Need to support mixed memory mappings with HMM

Thu Mar 25 16:10:47 UTC 2021

Am 25.03.21 um 17:03 schrieb Felix Kuehling:
> Hi,
>
> This is a long one with a proposal for a pretty significant redesign of
> how we handle migrations and VRAM management with HMM. This is based on
> my own debugging and reading of the migrate_vma helpers, as well as
> Alex's problems with migrations on A+A. I hope we can discuss this next
> Monday after you've had some time do digest it.
>
> I did some debugging yesterday and found that migrations to VRAM can
> fail for some pages. The current migration helpers have many corner
> cases where a page cannot be migrated. Some of them may be fixable
> (adding support for THP), others are not (locked pages are skipped to
> avoid deadlocks). Therefore I think our current code is too inflexible
> when it assumes that a range is entirely in one place.
>
> Alex also ran into some funny issues with COW on A+A where some pages
> get faulted back to system memory. I think a lot of the problems here
> will get easier once we support mixed mappings.
>
> Mixed GPU mappings
> ===========
>
> The idea is, to remove any assumptions that an entire svm_range is in
> one place. Instead hmm_range_fault gives us a list of pages, some of
> which are system memory and others are device_private or device_generic.
>
> We will need an amdgpu_vm interface that lets us map mixed page arrays
> where different pages use different PTE flags. We can have at least 3
> different types of pages in one mapping:
>
>   1. System memory (S-bit set)
>   2. Local memory (S-bit cleared, MTYPE for local memory)
>   3. Remote XGMI memory (S-bit cleared, MTYPE+C for remote memory)
>
> My idea is to change the amdgpu_vm_update_mapping interface to use some
> high-bit in the pages_addr array to indicate the page type. For the
> default page type (0) nothing really changes for the callers. The
> "flags" parameter needs to become a pointer to an array that gets
> indexed by the high bits from the pages_addr array. For existing callers
> it's as easy as changing flags to &flags (array of size 1). For HMM we
> would pass a pointer to a real array.

Yeah, I've thought about stuff like that as well for a while.

Problem is that this won't work that easily. We assume at many places 
that the flags doesn't change for the range in question.

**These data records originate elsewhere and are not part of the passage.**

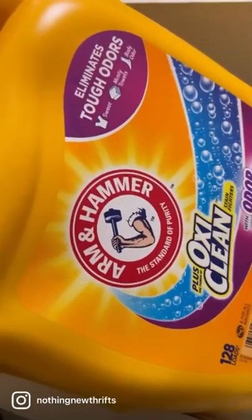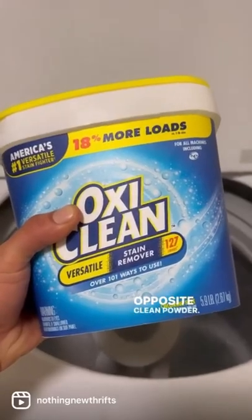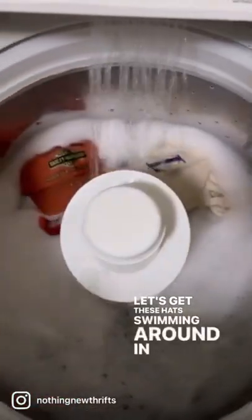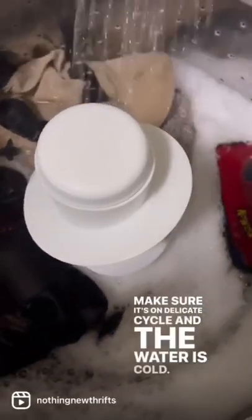Arm and Hammer with OxiClean — get it all up in there. Some OxiClean powder, same thing, get that all up in there. Alright, let's get these hats swimming around in there.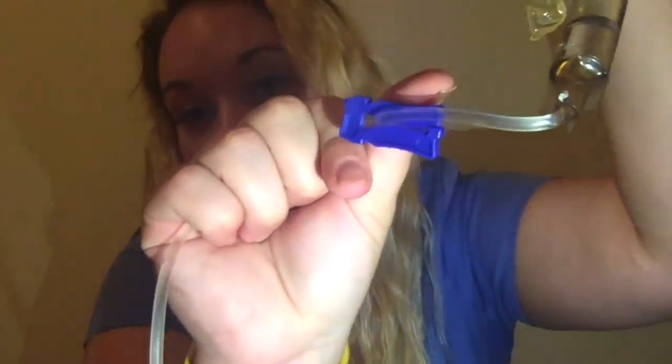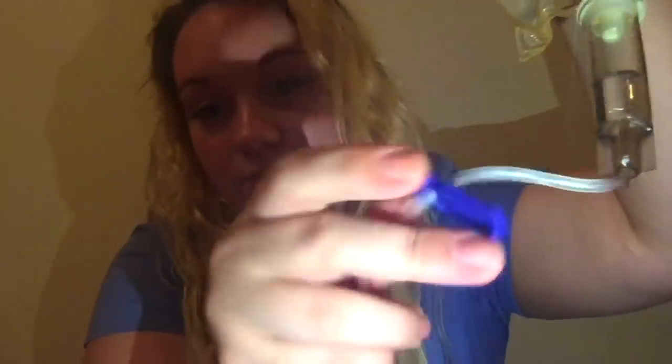Then you can clamp it right here — push that so it is clamped. When it's not clamped, the fluids are running. If you push it this way, the fluids can't run because it's clamped.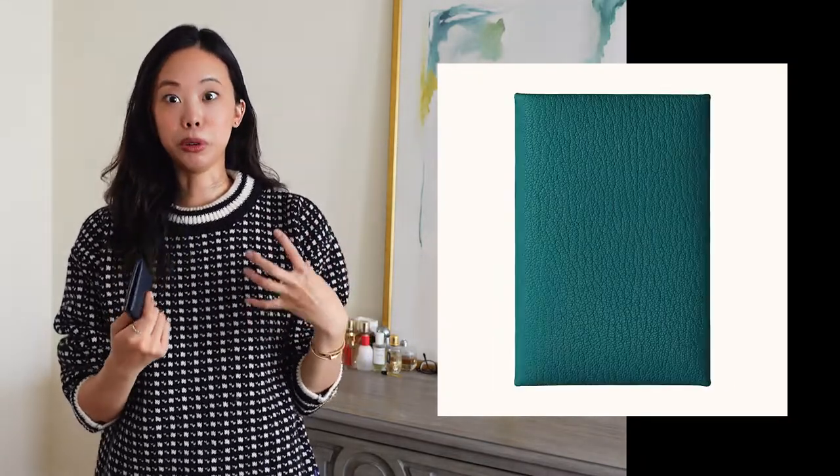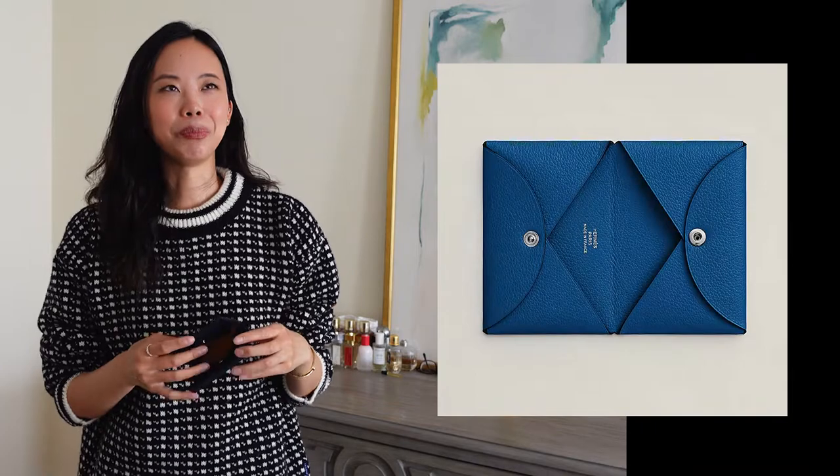I originally wanted to get a sea green — that deep blue-green teal is my favorite color. You can look on the Hermes website for a range of color options. But in person, I really liked the navy. My tip is to always go look at things in store — touch it, feel it — because different colors come in different leathers. Some are in a tougher, more durable leather; this one is a softer, more supple buttery smooth leather. It comes in pebbled leather, smooth leather, all different kinds, and I was told it depends on the color.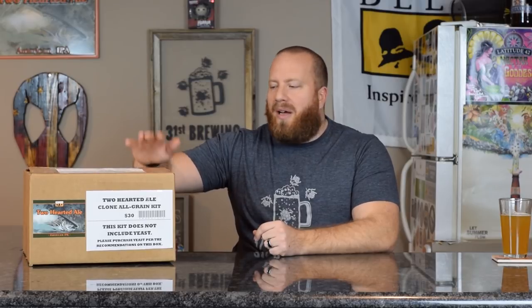Welcome back, everybody. As you saw in the intro, this is the Bell's Two-Hearted Ale All-Grain Kit. Jessica stopped in to pick up some beer, and she knows most of the people there. The guy she normally talks to asked if I would like this kit for free, so I didn't pay for this — Bell's did give me this kit.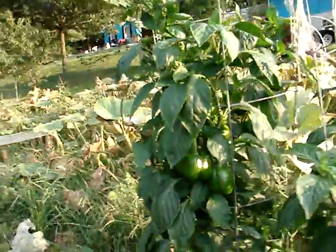Here's some pepper plants — green bell peppers. There are some big ones on there.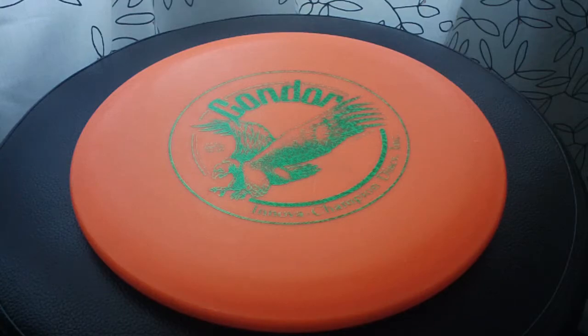Really great disc — having a lot of fun throwing the Condor. I'm going to keep it in my bag for a while. I think this would be a really great disc for people transitioning from other disc sports like Ultimate into disc golf. Another great choice would be the Zephyr — I may or may not do a quick review of that disc as well. The Condor is super fun. Hopefully you guys liked the review, and thanks for watching. Cheers!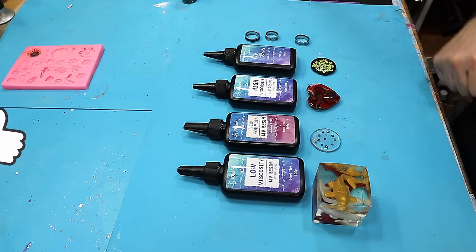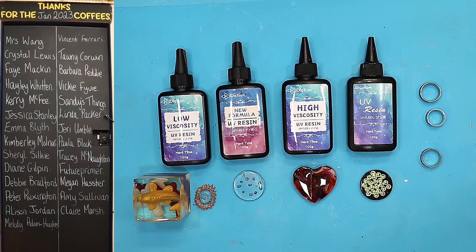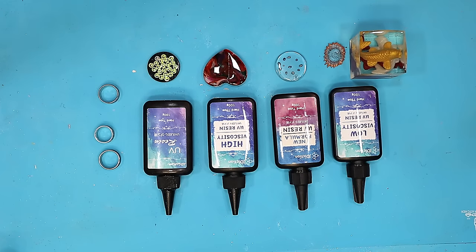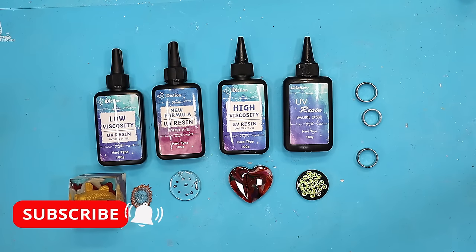I hope you found this whistle-stop tour of UV resin really useful. I've got loads of videos on UV resin covering different projects. Please hit the like button — it really helps my videos get out there. Thank you to everyone who bought me a coffee last month; I really appreciate it and it allows me to keep buying these products to show you the differences. Hit that subscribe button and ring that bell so you don't miss any future videos. Take care, enjoy your resin, bye!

We would somehow need to change that to get the flags directly from the 
low bits of the DMA address or something instead.

Christian.

>
> Once this is done, it leads to a number of opportunities for
> simplification and better efficiency in kfd_svm:
>
>    * Support migration when cpages != npages
>    * Migrate a part of an svm_range without splitting it. No more
>      splitting of ranges in CPU page faults
>    * Migrate a part of an svm_range in GPU page fault handler. No more
>      migrating the whole range for a single page fault
>    * Simplified VRAM management (see below)
>
> With that, svm_range will no longer have an "actual_loc" field. If we're
> not sure where the data is, we need to call migrate. If it's already in
> the right place, then cpages will be 0 and we can skip all the steps
> after migrate_vma_setup.
>
> Simplified VRAM management
> ==============
>
> VRAM BOs are no longer associated with pranges. Instead they are
> "free-floating", allocated during migration to VRAM, with reference
> count for each page that uses the BO. Ref is released in page-release
> callback. When the ref count drops to 0, free the BO.
>
> VRAM BO size should match the migration granularity, 2MB by default.
> That way the BO can be freed when memory gets migrated out. If migration
> of some pages fails the BO may not be fully occupied. Also some pages
> may be released individually on A+A due to COW or other events.
>
> Eviction needs to migrate all the pages still using the BO. If the BO
> struct keeps an array of page pointers, that's basically the migrate.src
> for the eviction. Migration calls "try_to_unmap", which has the best
> chance of freeing the BO, even when shared by multiple processes.
>
> If we cannot guarantee eviction of pages, we cannot use TTM for VRAM
> allocations. Need to use amdgpu_vram_mgr. Need a way to detect memory
> pressure so we can start evicting memory.
>
> Regards,
>    Felix
>